=Paper=
{{Paper
|id=Vol-437/paper-8
|storemode=property
|title=Recognition of Voice and Hand Activity Through Fusion of Acceleration and Speech
|pdfUrl=https://ceur-ws.org/Vol-437/paper8.pdf
|volume=Vol-437
|dblpUrl=https://dblp.org/rec/conf/ciaem/JungBH08
}}
==Recognition of Voice and Hand Activity Through Fusion of Acceleration and Speech==
Recognition of Voice and Hand activities through
Fusion of Acceleration and Speech1
Young-Giu Jung, ChangSeok Bae and Mun-Sung Han
Electronics and Telecommunications Research Institute,
138 Gajeongno Yuseong-gu, Daejeon, Korea,
{reraj, csbae, msh}@etri.re.kr
Abstract. Hand activity and speech comprise the most important modalities of
human-to-agent interaction. So a multimodal interface can achieve more natural
and effective human-agent interaction. In this paper, we suggest a novel
technique for improving the performance of accelerometer-based hand activity
recognition system using fusion of speech. The speech data is used in our
experiment as the complementary sensor data to the acceleration data in an
attempt to improve the performance of hand activity recognizer. This
recognizer is designed to be capable of classifying nineteen hand activities. It
consists of 10 natural gestures, e.g., ‘go left’, ‘over here’ and 9 emotional
expressions by hand activity, e.g., ‘I feel hot’, ‘I love you’. To improve
performance of hand activity recognition using feature fusion, we propose a
modified Time Delay Neural Network (TDNN) architecture with a dedicated
fusion layer and a time normalization layer.

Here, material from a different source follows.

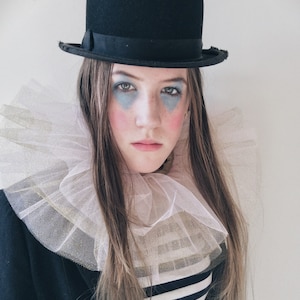 Op de afbeelding: Een persoon draagt een zwarte bowlerhoed, een witte en gouden gefranjerde kraag en een zwart-wit gestreept shirt. De persoon heeft blauwe oogmake-up en roze blush op de wangen, wat een clownachtig uiterlijk cre&euml;ert.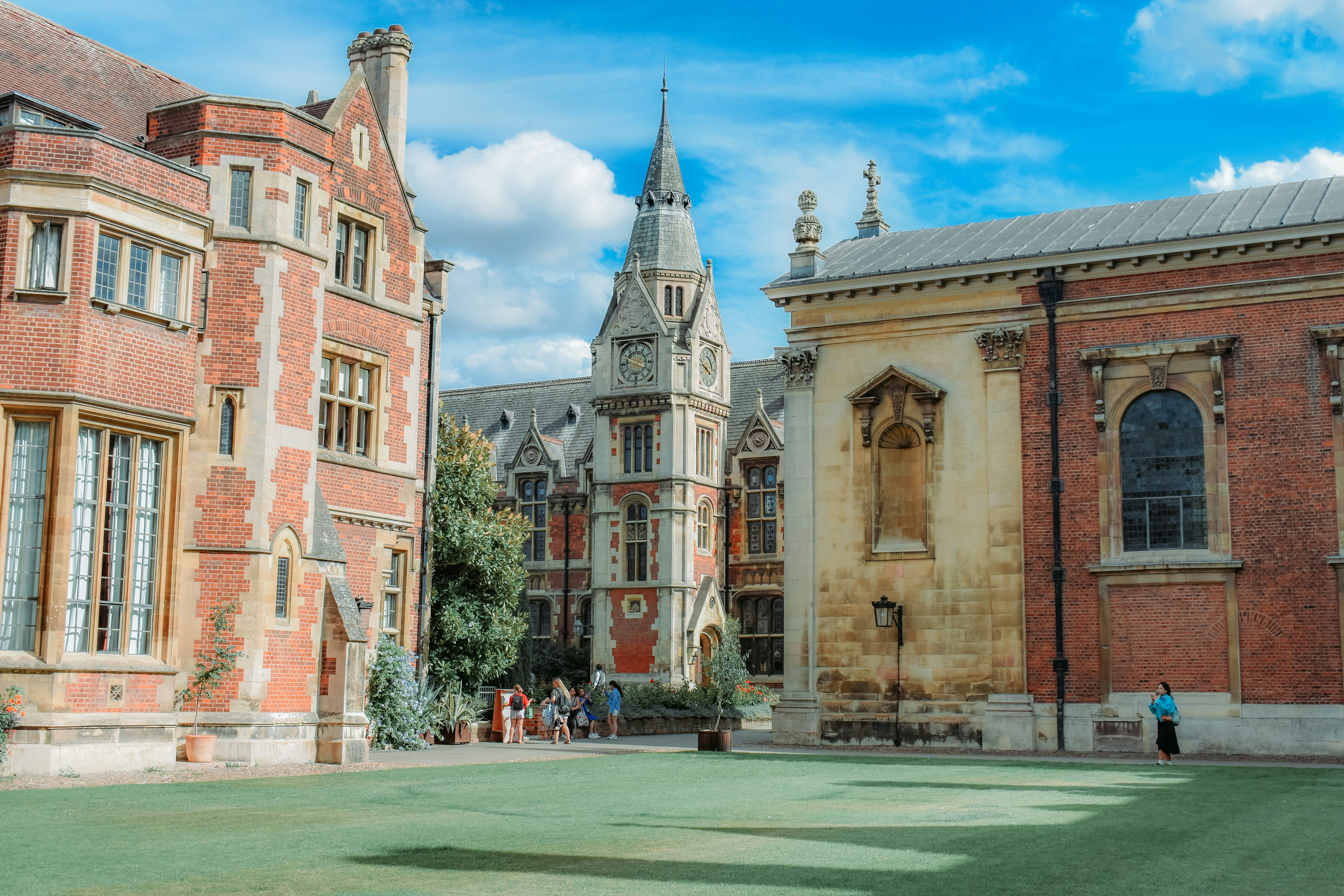 Courtyard of historic brick buildings under a blue sky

Our experimental result shows that
the performance of this system yields an improvement of about 6.96%
compared to the use of accelerometers alone.
Keywords: multimodal interaction, hand activity recognition, modified TDNN,
human cognitive
1 Introduction
Interface technology using activity or gesture is one of the key functions for agent
system in ubiquitous computing environment. In general, accelerometers are currently
among the most widely studied wearable sensors for activity or gesture recognition,
thanks to their accuracy in the detection of human body movements, small in size, and
reasonable power consumptions[1]. Ling Bao and others[2] presented algorithms to
detect physical activities from data acquired using five small biaxial accelerometers
worn simultaneously on different parts of the body.
In the study of Bharatula and others[3], a low power sensor hardware system was
presented, including accelerometer, light sensor, microphone, and wireless
1 This work was supported by the IT R&D program of MIC/IITA. [2006- S032-02,
Development of an Intelligent Service technology based on the Personal Life Log], [2008-
P1-15-07J31, Research on Human-friendly Next Generation PC Technology Standardization
on u-Computing]
67
CEUR
ceur-ws.org
Workshop ISSN 1613-0073
Proceedings
communication. Accelerometer has been widely used in many pattern recognition
methods in order to access physical activities. In the study of Kiani and others[4], the
artificial neural networks were used. There have been several research efforts to
enhance the performance of accelerometer-based activity recognition.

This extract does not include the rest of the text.